Im Meeresboden rund um die Senkaku-Inseln liegen vermutlich Ressourcen, die dem Land wirtschaftlich wieder auf die Beine helfen könnten: Schätzungen der US-Energiebehörde Energy Information Administration gehen von 60 bis 100 Millionen Barrel Öl aus, die rund um die strittigen Inseln im Boden schlummern. Für ein Land wie Japan sind das Rohstoffe von unermesslichem Wert. Aus zwei Gründen: Einerseits ist Japan stark von Rohstoffimporten abhängig. Allein heuer hat das Land von Jänner bis August Rohöl im Wert von 35 Milliarden Dollar aus Nahost importiert. Das entspricht mehr als einem Drittel des Gesamtbudgets Österreichs. Andererseits steht Japan eine Energiekrise ins Haus: Bis zum Jahr 2011 produzierte Japan 30 Prozent seines Stroms mit AKW. Durch die Kernschmelzen in Fukushima-Daiichi ist Atomenergie keine Option mehr. Mittlerweile hat sich die Regierung darauf geeinigt, bis 2040 alle Kernreaktoren vom Netz zu nehmen. Der öffentliche Druck für einen früheren Ausstieg ist enorm: Laut einer Umfrage der "Asahi Shimbun" wollen 58 Prozent der Bevölkerung einen Atomausstieg binnen eines Jahrzehntes. Da stellen die Öl- und Gasvorkommen rund um Senkaku eine Alternative dar, die rasch Abhilfe schaffen könnte.

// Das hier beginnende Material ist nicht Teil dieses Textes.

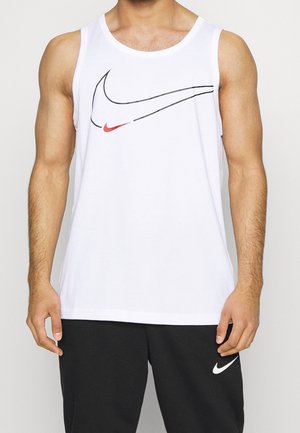 Mężczyzna w białej koszulce bez rękawów z dużym czarno-czerwonym logo swoosh i czarnych spodniach z białym logo swoosh.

Sicherheitspolitisch ist der Inselstreit für Japan von Vorteil. Durch die Ambitionen des Gouverneurs von Tokio, Shintaro Ishihara, die Inseln zu kaufen, war die Regierung zum Handeln verpflichtet: Besser, die Inseln sind in der Hand des Staates als in der eines nationalistischen China-Falken. Die Sicherheit zu diesem Schritt gab Tokio das Verteidigungsbündnis mit den USA. Zu diesem Zeitpunkt kein ungefährlicher Schachzug, da sich Japan nicht sicher sein konnte, ob sich die USA tatsächlich in solch einer brisanten Angelegenheit eindeutig auf seine Seite stellen würden. Aber so zwang Japan die USA zu einer klaren Aussage: Am 19. September versicherte US-Verteidigungsminister Leon Panetta in einem Treffen mit Xi Jinping, damals Staatschef in spe von China, dass die Senkaku-Inseln durch Artikel fünf des Sicherheitsabkommens abgedeckt seien. Im Falle einer Aggression Chinas wären die USA dazu verpflichtet, Japan zu Hilfe zu eilen.
Ginge es beiden Seiten bloß um einen nationalistischen Konflikt, wäre die Situation bereits eskaliert. Dazu ist man wirtschaftlich viel zu abhängig voneinander. Aus der Sicht Japans ist das Kalkül klar: Man nimmt kurzfristige Spannungen in Kauf, um sich gut neben China im Pazifik-Raum platzieren zu können und größer werdende Abhängigkeiten zu vermeiden.